Last week, a woman who'd just moved to Saratoga Springs walked by my house and admired my tulips.  "How many years do they last for you?"

I shrugged.  "I treat them as annuals and replace them with short dahlias as soon as they are done blooming."

Her jaw dropped at the extravagance.  Which it is.  But somehow any extravagance involving food or plants seems entirely reasonable to me.

Nonetheless, encouraged by fellow Ranter Elizabeth Licata, I've been planting species tulips in recent years.  They are not only graceful, but some of them even have some of the punch of hybrid tulips, in that they are surprisingly colorful and tall enough to make a decent show.  Best of all, they are not disappearing into shadow world after a single explosive spring.  They are multiplying.

My tulipa tarda–the relatively common yellow and white tulip that grows in short clumps, like a particularly shapely and chic crocus–has already finished blooming.

But check out these two beauties: tulipa sylvestris.


And my favorite: tulipa whittallii.



  1. I planted one kind this year (from Brent and Becky’s), small with white tips and purple insides.

    It was tiny, but lovely and I would definitely do it again.

    That said, I agree with you: bulbs and food are not places I skimp. Oh, and toilet paper. Why be cheap on that?

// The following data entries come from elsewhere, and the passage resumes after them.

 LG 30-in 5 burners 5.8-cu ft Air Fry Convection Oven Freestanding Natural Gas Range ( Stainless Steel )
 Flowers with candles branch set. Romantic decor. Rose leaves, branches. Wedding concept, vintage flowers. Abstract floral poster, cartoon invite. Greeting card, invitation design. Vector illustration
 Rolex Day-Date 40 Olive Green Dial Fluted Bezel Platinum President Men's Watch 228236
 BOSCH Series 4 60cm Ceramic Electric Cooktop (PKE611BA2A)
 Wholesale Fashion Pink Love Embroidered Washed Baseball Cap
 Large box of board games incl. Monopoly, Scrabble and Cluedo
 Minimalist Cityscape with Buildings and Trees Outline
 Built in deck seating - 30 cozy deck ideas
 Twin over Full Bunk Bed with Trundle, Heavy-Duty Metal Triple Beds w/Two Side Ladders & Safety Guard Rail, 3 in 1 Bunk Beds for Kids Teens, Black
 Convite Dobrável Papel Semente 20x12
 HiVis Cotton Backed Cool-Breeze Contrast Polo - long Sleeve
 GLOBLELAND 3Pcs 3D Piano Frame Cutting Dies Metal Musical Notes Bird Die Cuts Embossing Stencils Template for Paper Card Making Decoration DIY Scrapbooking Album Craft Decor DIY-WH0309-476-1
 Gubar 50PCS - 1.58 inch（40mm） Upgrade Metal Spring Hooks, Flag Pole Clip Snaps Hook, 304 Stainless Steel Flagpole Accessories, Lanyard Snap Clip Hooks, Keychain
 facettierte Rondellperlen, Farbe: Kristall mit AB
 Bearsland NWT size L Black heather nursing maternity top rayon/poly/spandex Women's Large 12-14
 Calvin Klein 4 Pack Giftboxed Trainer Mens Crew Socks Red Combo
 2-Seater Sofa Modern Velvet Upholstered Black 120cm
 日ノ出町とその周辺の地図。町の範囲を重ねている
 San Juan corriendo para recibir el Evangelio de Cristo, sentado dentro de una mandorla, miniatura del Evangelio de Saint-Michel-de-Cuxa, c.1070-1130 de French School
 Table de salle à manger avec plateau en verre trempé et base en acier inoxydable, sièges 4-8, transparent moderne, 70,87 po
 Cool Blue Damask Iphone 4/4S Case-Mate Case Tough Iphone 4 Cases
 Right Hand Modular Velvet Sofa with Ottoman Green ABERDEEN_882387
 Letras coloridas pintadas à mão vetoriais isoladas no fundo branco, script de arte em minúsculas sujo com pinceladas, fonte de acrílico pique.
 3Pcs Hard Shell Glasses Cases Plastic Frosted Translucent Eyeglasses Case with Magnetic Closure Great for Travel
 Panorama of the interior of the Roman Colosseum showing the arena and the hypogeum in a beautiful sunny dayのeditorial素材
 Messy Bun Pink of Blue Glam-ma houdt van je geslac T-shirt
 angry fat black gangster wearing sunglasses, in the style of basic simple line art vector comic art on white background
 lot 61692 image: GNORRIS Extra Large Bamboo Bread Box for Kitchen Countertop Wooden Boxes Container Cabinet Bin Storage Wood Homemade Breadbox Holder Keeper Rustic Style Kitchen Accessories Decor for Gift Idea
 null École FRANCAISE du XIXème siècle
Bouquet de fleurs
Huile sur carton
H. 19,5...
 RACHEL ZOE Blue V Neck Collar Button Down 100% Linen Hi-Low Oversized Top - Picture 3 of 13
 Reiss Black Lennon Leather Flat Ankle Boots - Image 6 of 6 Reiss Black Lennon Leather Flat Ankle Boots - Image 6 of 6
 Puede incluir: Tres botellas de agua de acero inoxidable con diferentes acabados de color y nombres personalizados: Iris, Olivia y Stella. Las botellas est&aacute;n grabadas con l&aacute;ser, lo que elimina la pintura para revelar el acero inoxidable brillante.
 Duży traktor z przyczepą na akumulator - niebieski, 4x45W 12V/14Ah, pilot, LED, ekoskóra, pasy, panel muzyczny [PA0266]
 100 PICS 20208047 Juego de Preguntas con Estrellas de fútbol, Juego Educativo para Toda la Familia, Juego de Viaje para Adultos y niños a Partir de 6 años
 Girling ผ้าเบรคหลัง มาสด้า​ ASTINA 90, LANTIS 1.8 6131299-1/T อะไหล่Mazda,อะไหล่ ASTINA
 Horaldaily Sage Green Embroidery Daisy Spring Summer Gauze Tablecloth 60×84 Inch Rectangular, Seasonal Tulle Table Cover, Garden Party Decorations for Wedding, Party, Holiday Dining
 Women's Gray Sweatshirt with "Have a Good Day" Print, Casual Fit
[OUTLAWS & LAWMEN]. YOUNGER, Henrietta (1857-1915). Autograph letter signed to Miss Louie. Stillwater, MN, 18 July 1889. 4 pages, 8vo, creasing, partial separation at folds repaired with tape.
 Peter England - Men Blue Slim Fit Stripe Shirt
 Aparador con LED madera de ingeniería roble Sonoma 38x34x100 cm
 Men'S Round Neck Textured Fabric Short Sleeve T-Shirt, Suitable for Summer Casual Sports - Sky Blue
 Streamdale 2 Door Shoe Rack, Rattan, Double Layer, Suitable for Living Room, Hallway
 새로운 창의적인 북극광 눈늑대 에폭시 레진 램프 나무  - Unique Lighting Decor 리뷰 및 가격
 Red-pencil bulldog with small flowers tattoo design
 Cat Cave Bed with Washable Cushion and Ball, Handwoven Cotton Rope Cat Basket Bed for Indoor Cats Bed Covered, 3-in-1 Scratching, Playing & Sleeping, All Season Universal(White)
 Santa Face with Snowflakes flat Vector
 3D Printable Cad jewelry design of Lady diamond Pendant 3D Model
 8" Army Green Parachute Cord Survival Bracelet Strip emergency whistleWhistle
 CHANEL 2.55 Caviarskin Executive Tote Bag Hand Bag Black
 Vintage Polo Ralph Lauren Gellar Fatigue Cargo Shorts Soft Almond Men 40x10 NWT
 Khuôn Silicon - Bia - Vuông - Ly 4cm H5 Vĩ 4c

  2. I love species tulips, but I’ve also had luck with some hybrid tulips (especially the ‘Triumph’ class) coming back. It was at least 10 years ago I planted some orange tulips called ‘Surprise’ in 8 inches of largely clay by my mailbox, and every year they surprise me by reappearing and clashing violently with my pink-purple magnolia. This may be the secret to perennial tulips: plant ones you don’t like. (I could dig them out, but I kind of enjoy the audacity, and they are finally about to croak, I think).

  3. I love species tulips and they are often more perennial than the hybrids – but not in every case. My lovely true clusiana tulips petered out, and so did my T. sylvestris.

    Fiona, your theory may be correct, but I too have had some luck with getting hybrids back, too, but I suspect the reason yours may be coming back is partly due to heritage and partly due to the fact that they don’t get water in summer – tulips hate that.

    I keep working on various ways of getting my tulips to perennialize, but I’m in full agreement with you on the splurge factor: I’m in the middle of a gorgeous spring display, and I’m glad I didn’t count the cost, though some may think it silly.

  4. Michele, the orphanidea flava have just come up for me. They are amazingly like the whittallii. I love the gray/orange petals–almost like marquetry.

  5. I have grown species Tulips for almost 30 years… Probably a 1000 Tardas bloomed in my front yard this year…

    I have about 12 species…some types don’t spread well (but keep coming back!). I also have nice little stands of English Bluebells and Wild Hyacinth, both European wildflowers. All mix well with Virginian Bluebells, Wild Geraniums, Waterleaf, etc…

  6. Amen to extravagance in the garden and on table ! It is no extravagance at all to feed your senses well.

  7. Regular old tulips are a waste of money as most are annuals and deer food at best. Species tuilps are outstanding especially tardiva.
    Before deer ruined tulips in New York I had in excess of 375 varities for sale each fall.